Hot Stove Syndrome
Taking baby steps to learn and adapt is better than hanging on to the fear of failures
I see twenty-somethings sharing their lives on social media without realising the risks. They make career choices, which are risqué, but are convinced and confident about the choices they have made because they think that is the way they want their lives to be. They want to enjoy life and are pretty clear what they want to do; or make it seem so. When asked about dropping out or getting some experience before starting a venture, they rattle off about how Bill Gates started Microsoft at 19, the same age when Mark Zuckerberg started Facebook.
They all aspire to become rich and may be even famous. While I completely understand it, what I don’t understand is why many of them do not realise that 90 per cent of startups fail and of the remaining 10 per cent, less than 3 per cent actually manage to survive long enough to be a success story. When I discuss investing with those in their 20s, they frown at me. The reason, many have seen their elder siblings or parents lose money in the stock markets. They feel investing in stock markets is risky and that people lose money.

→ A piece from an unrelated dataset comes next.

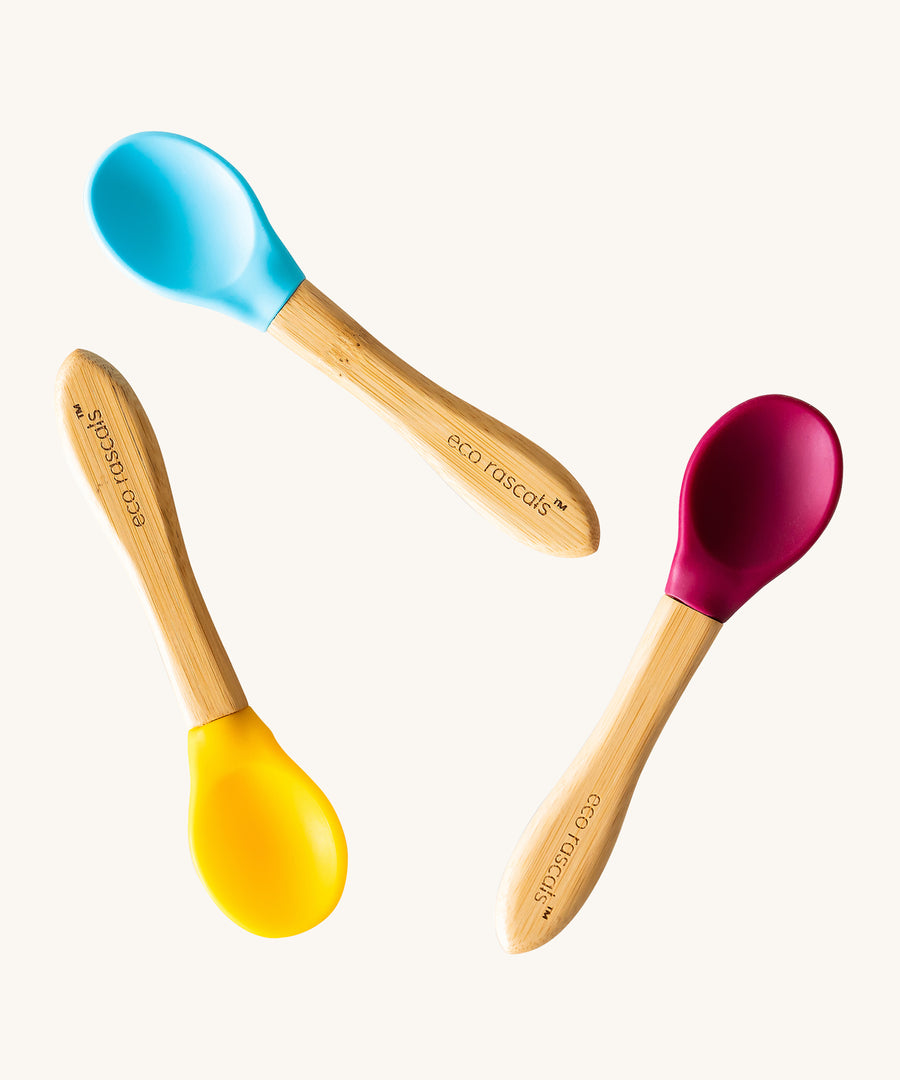 Eco Rascals Baby Spoons - 3 Pack in yellow, blue and magenta. 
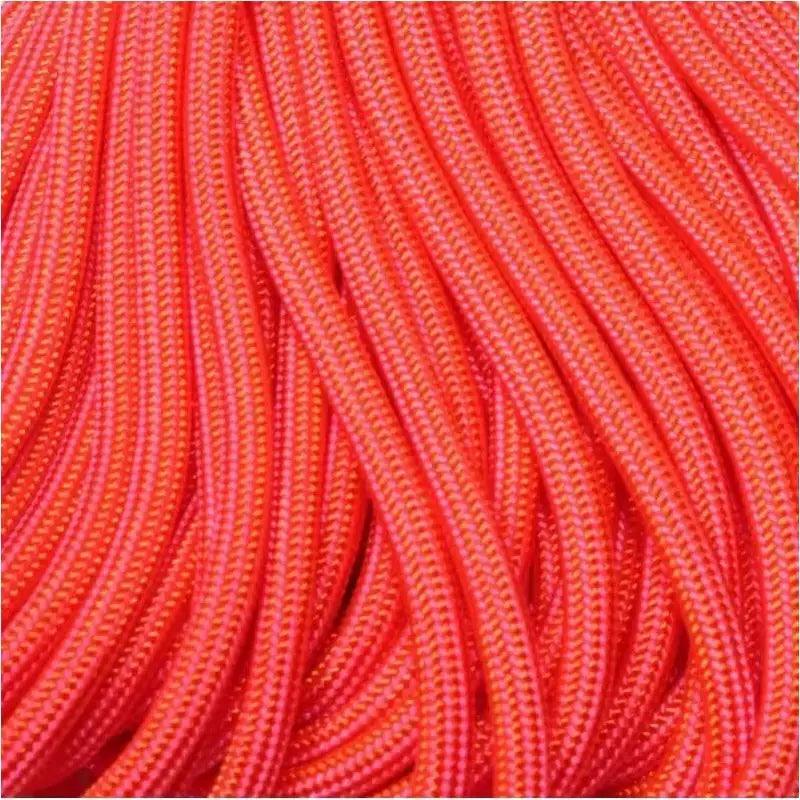 Burnt Orange & Hot Pink Stripes 550 Paracord Made in the USA (100 FT.)  167- poly/nylon paracord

I want to highlight that in both cases—investing and starting a venture—there seems to be expectations which are unrealistic and are often romanticised. And, those who have experience of having failed in either or both the activities fear and distrust them both completely. They prefer to definitely stay away from investing and the reason for it is—‘The Hot Stove Syndrome’. Referencing Mark Twain’s saying: “The cat, having sat upon a hot stove lid, will not sit upon a hot stove lid again. But he won’t sit upon a cold stove lid, either.” This generation prefers to avoid the stock markets entirely—hot or cold.
Let’s face it, the economy has not been kind to young people— there is high unemployment, rising cost of living and lower interest rates, making life difficult for them to have the confidence to invest money. Of course, it is one thing to be cautious and another to be ignorant. I have come across an equal share of both among today’s youth. Some are so out of reality when it comes to investing that I am unimpressed by their basic lack of financial understanding.
Even among the higher educated young adults, the level of confusion when it comes to saving and investing is perplexing. At one end, they demonstrate such high degree of understanding and ease of adapting to changes around them in all walks of life, but when it comes to managing money, they get into a shell. The consequence of inaction is severe, because people now have to take so much more responsibility for their financial lives. The ignorance only compounds, as the less they understand, the more daunting investing seems.
I should not be painting the picture with a broad brush as there are also many in this generation who have understood the importance of investing and are part of the SIP generation which invests regularly, each passing month, into mutual funds and are exploring the many DIY wealth creation tools that are easily available these days. Perhaps one needs to go back to taking baby steps and learn from falling than fear from failures.